# Is There a Clear Distinction Between Missionary and Pastor



## Quatchu (Apr 10, 2011)

Is there a distinction between missionary and pastor? I ask this because i have for along time felt called to Ministry as a pastor, of late Im feeling that God is equipping me to effectively minister in cross cultural settings. However I am trying to work out whether the two conflict with one another or is it simple that it is being reveled to me the emphasize of God's ministry for me.


----------



## Rufus (Apr 10, 2011)

If you where to be put in the situation of lets say, Pastoring a Church in a country while evangelize the natives, than I guess you could be both. Somebody needs to pastor the new churches.


----------



## Scott1 (Apr 10, 2011)

You may find helpful a search on this topic (upper right).

We use these terms differently, but generally a Pastor has authority to minister the Word and sacraments to a covenant community of believers.

A missionary may be seeking to do that, may be doing that, or may be one merely doing humanitarian work as means to witness- so the term is used many ways.

More, and more, I see the need to both evangelize and disciple. That is, the end being the establishment of a household of faith where the community being "evangelized" can grow, be accountable, participate in the corporate ordinances of worship, etc.


----------



## Peairtach (Apr 10, 2011)

An ordained minister of the Gospel may be called to different roles even at different times of his life:

E.g. 

(a) A pastor or pastor/teacher tied to a particular congregation.

(b) An evangelist doing itinerant mainly Gospel work at home or abroad. The WCF Form of Presbyterial Government appears to eschew "evangelists" as an extraordinary office alongside apostles and prophets, but it depends on what is meant by the word "evangelist". If we mean by evangelist those who accompanied the apostles in their travels and did miraculous works, then evangelists have certainly expired.

(c) A doctor or teacher teaching in a theological college.

(d) A foreign missionary working abroad.

The expression "domestic missionary" has sometimes been used in Presbyterian churches - in Scotland at least - for a ruling elder with a gift for preaching who is not fully qualified as a minister of the Gospel but stands in in vacant congregations until they get a minister.

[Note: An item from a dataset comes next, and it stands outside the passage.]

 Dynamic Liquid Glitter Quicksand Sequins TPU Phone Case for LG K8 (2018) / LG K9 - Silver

(e) An evangelist or missionary working among particular people(s) in his own country.

Of course the word "missionary" has a broader meaning also for all - e.g. doctors, nurses, teachers - who work on foreign missions.


----------



## steadfast7 (Apr 12, 2011)

Concurring with the above, the definition of "missionary" being so broad these days, I would first ask what your understanding of missions is? There are "missionaries" who dig wells for World Vision, as well as those who are pastors and seminary profs in foreign countries. My narrow definition of missions is of a cross cultural, long term involvement in church planting work. No doubt, this person may need to administer sacraments and preach regularly if he is the lone worker in an area, so that diminishes the distinction in the eyes of your denomination. Another point to note is that Scripture carefully outlines the qualifications for a local church elder, but not for itinerant evangelists. The qualification requirement for gospel proclaimers seemed to be less stringent. If your desire and aptitude is for more "apostolic" type of ministry, and your church confirms it, then go for it!


----------



## Pergamum (Apr 12, 2011)

Justin,


FIRST: If you are desiring to serve cross-culturally overseas, please pm me and let's talk more deeply about training and the logistics of being sent.

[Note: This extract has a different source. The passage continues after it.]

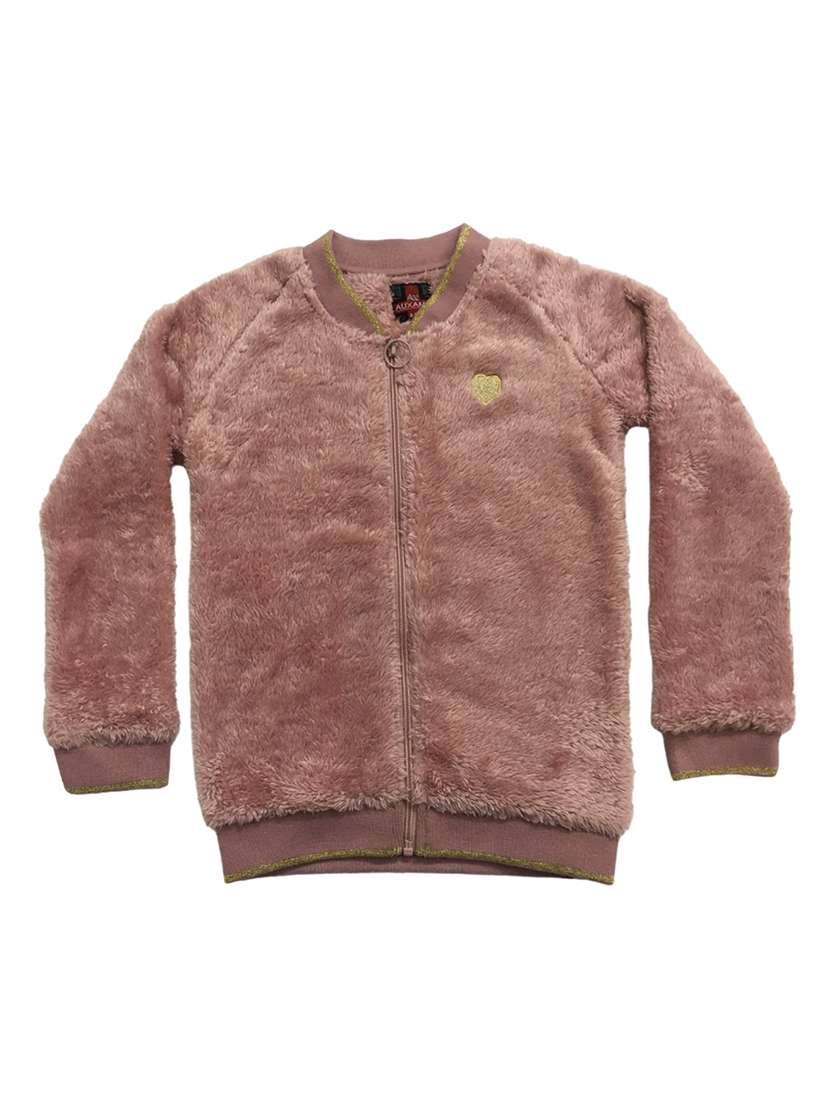 girls brown plain long sleeve sweatshirt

SECOND - WHAT IS A MISSSIONARY: 

I do believe that some christians are called with a desire to take the Gospel across an ethno-linguistic boundary to either plant a church that does not exist or help strengthen a weak church. If you are desiring to do this, then fan the flames and do not squash this desire because there are many needs and your desire and recurring thoughts of doing this are one means by which God calls misssionaries. Another means is the larger body of Christ, so i would also check with your local church and its elders to see if they believe you have the skills and personality and qualifications to serve overseas. A misssionary is from the latin mitto, and this itself was derived from the greek for a "sent-out one" and so, therefore, we are not merely those who run forward but are those who are sent out.

Missions and ordination:
I do not believe that only ordained, elder-qualified men are the only ones fit to be sent for misssionary service. Many mature Christian laymen have roles to play and all of these roles are not pastoral (pilot, mechanic, literacy worker, nurse, teacher, translator). Women and unordained men, too, can make valuable contributions; even if one great pressing need on the mission field is not more specialists but more ordained "generalist' church-planters who can preach and administer the sacraments.

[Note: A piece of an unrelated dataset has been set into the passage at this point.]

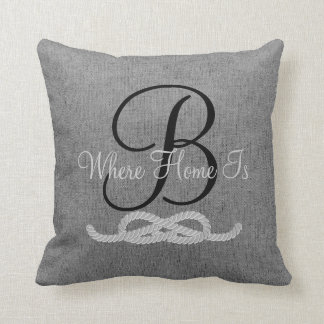 Personalisiertes graues rustikales kissen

Equipping the indigenous believers:
Ideally, our job will be leader-development and, rather than pastoring a church ourselves for a long period of time, we should be equipping the indigenous believers to lead the church themselves. If a western pastor pastors an overseas church for decades and decades, I believe an evaluation is in order if there are not local elders being raised up from the indigenous population.

Pastor and misssionary = different jobs....sort of:
Therefore, I try to distinguish the pastor role from the missionary role. The pastor role shepherds the sheep, a misssionary looks for the sheep (of course, these boundaries are blurry). A pastor of a church must nurture all the demographics of a church, while a misssonary has a more narrow focus towards the least-reached. A pastor ministers to a church that is already established and tries to strengthen them, a missionary often tries to lay those first foundations. A pastor is often called by a body of believers already in existence; a missionary is sent out to plant a church that is not yet in existence or to strengthen one that is sorely lacking. A pastor usually serves a church of his own ethnicity and culture; a missionary intentionally is crossing into an ethno-linguistic boundary that has before proved to be a barrier to the gospel. A misssionary must often research and see where those next boundaries are to be crossed and focus on those ethne; a pastor, once he takes a pastorate, is responsible to minister to all that are under his charge. 


The cross-cultural factor:
Not everyone has the ability to bridge cultures. I have seen astute theologians make very poor misssionaries because they could not adjust, could not learn the language, or even adapt their methods or emphases in a way that would bless a people who are different than their sending-culture. I have had pastors whom I respect greatly from the US come to visit me and do the most bone-headed and offensive things to the people and remain impervious to correction despite offending the local culture. I have also seen very simple men able to communicate the gospel in profound ways to different cultures in a way that was clear and communicates both the misssionary's love for the people and God's love for them. 

Without falling into postmodernism here, a misssionary must be sensitive and aware of other cultural values and must be an able swimmer in the waters of several cultures. One must know the native conscience in order to either afflict or to soothe the native conscience. Many rigid calvinists could do a better job at his.

In truth, most seminaries prepare people okay for US churches, but very very poorly as missionaries. Missionaries, therefore, would be wise to get pre-field training in a dose of anthropology, linguistics, and stress/emotional issues, since stress and interpersonal conflict takes many misssionaries off the field every year.

-
-
-

Justin, I believe that if you have a desire and curiosity to minister in a non-western environment, then pm me and lets put together a concrete plan of action to move forward over the next few months and years in preparation.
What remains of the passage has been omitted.